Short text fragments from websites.
----------

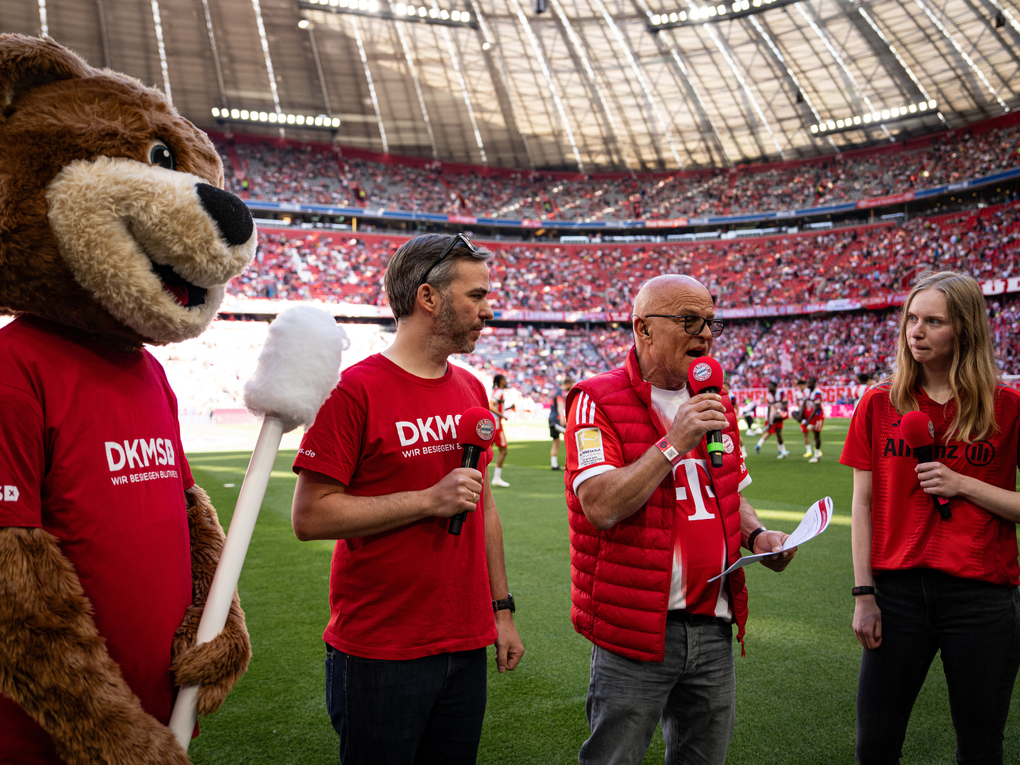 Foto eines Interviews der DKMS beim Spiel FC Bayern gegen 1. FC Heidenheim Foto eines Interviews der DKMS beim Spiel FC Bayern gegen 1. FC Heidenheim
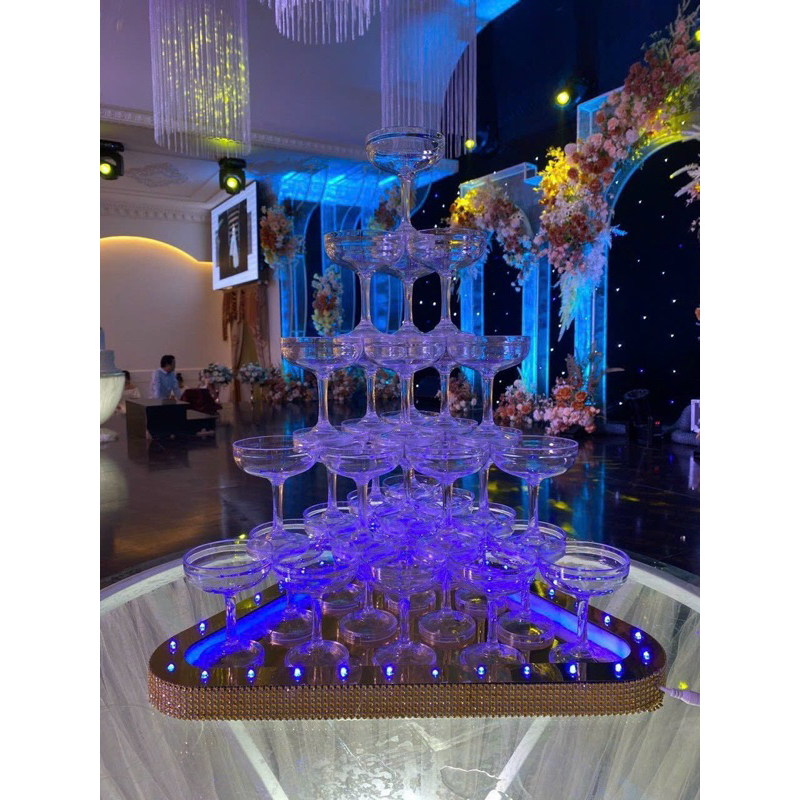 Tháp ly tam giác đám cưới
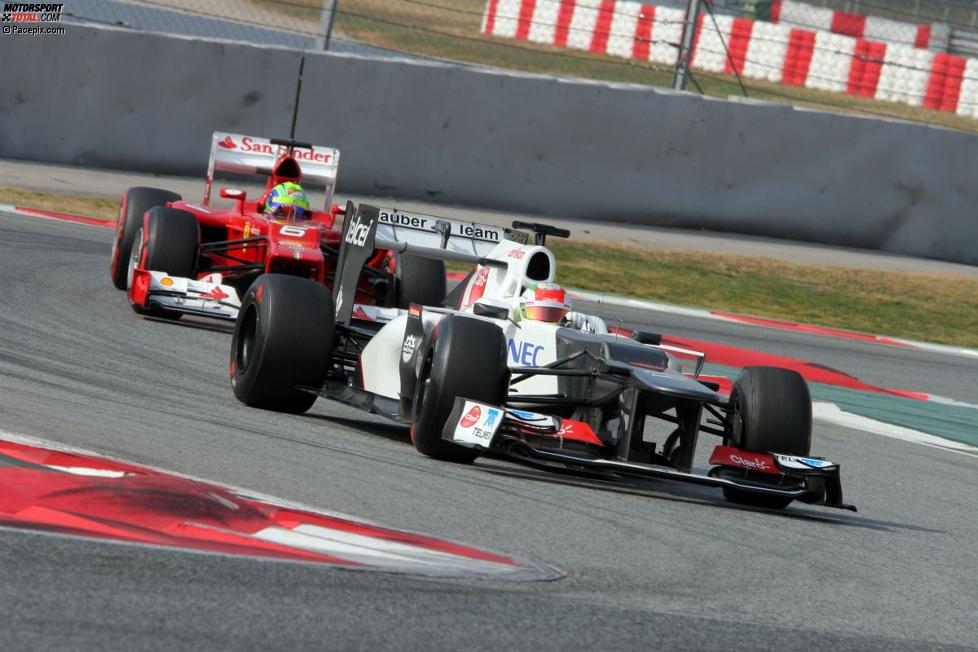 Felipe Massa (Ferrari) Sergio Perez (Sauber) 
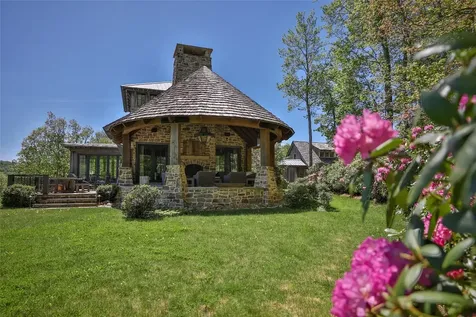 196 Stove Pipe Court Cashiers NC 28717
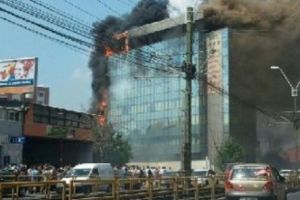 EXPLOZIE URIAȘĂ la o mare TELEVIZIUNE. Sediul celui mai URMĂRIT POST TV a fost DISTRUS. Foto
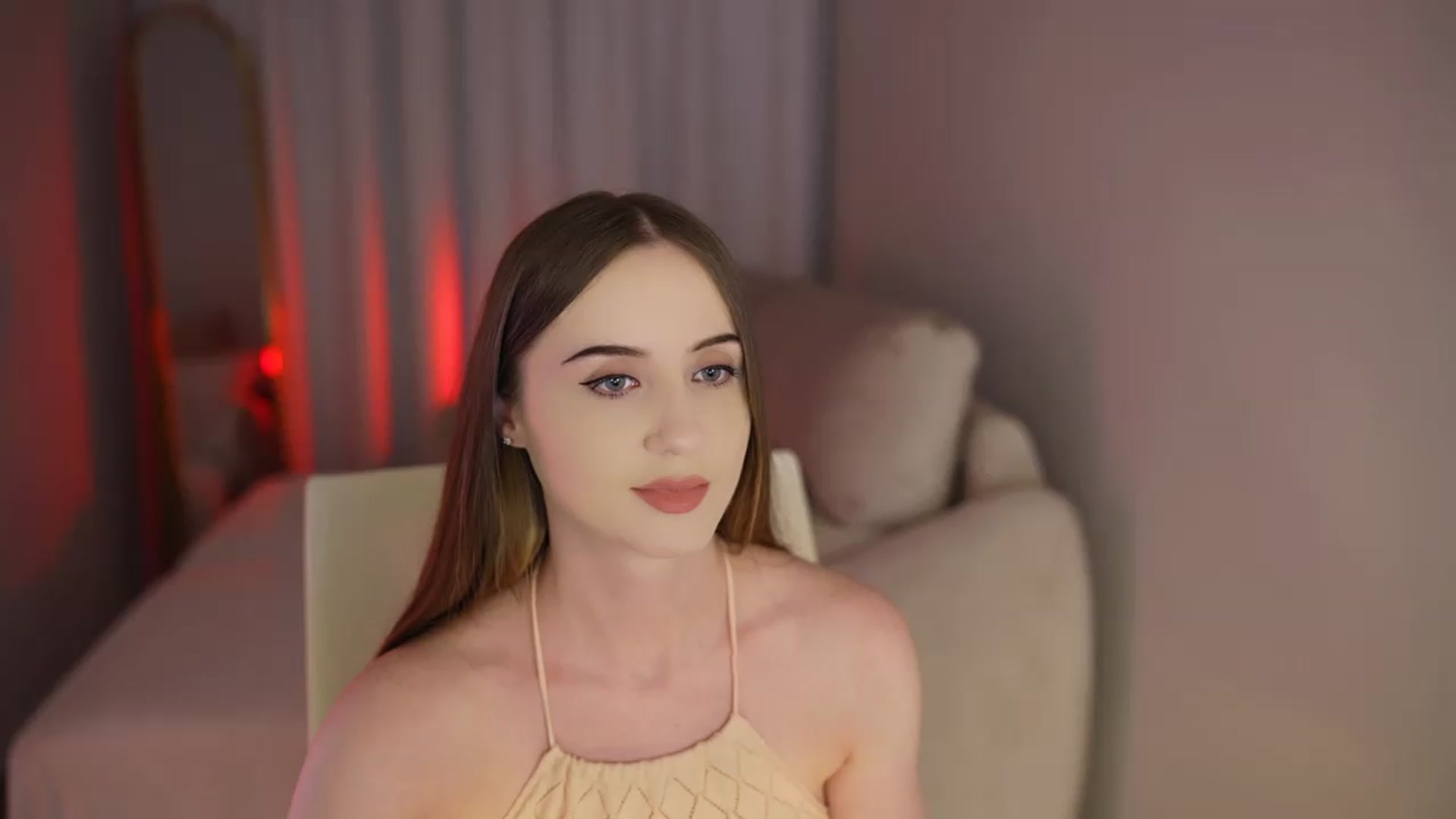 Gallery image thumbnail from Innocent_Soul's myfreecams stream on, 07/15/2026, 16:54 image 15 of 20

----------

EXERCISE BRIEF. Begin at the line containing "196 Stove Pipe Court Cashiers NC 28717" and stop at the final line of the data. Retype those lines exactly, without the pictures.

OUTPUT BELOW.
 196 Stove Pipe Court Cashiers NC 28717
 EXPLOZIE URIAȘĂ la o mare TELEVIZIUNE. Sediul celui mai URMĂRIT POST TV a fost DISTRUS. Foto
 Gallery image thumbnail from Innocent_Soul's myfreecams stream on, 07/15/2026, 16:54 image 15 of 20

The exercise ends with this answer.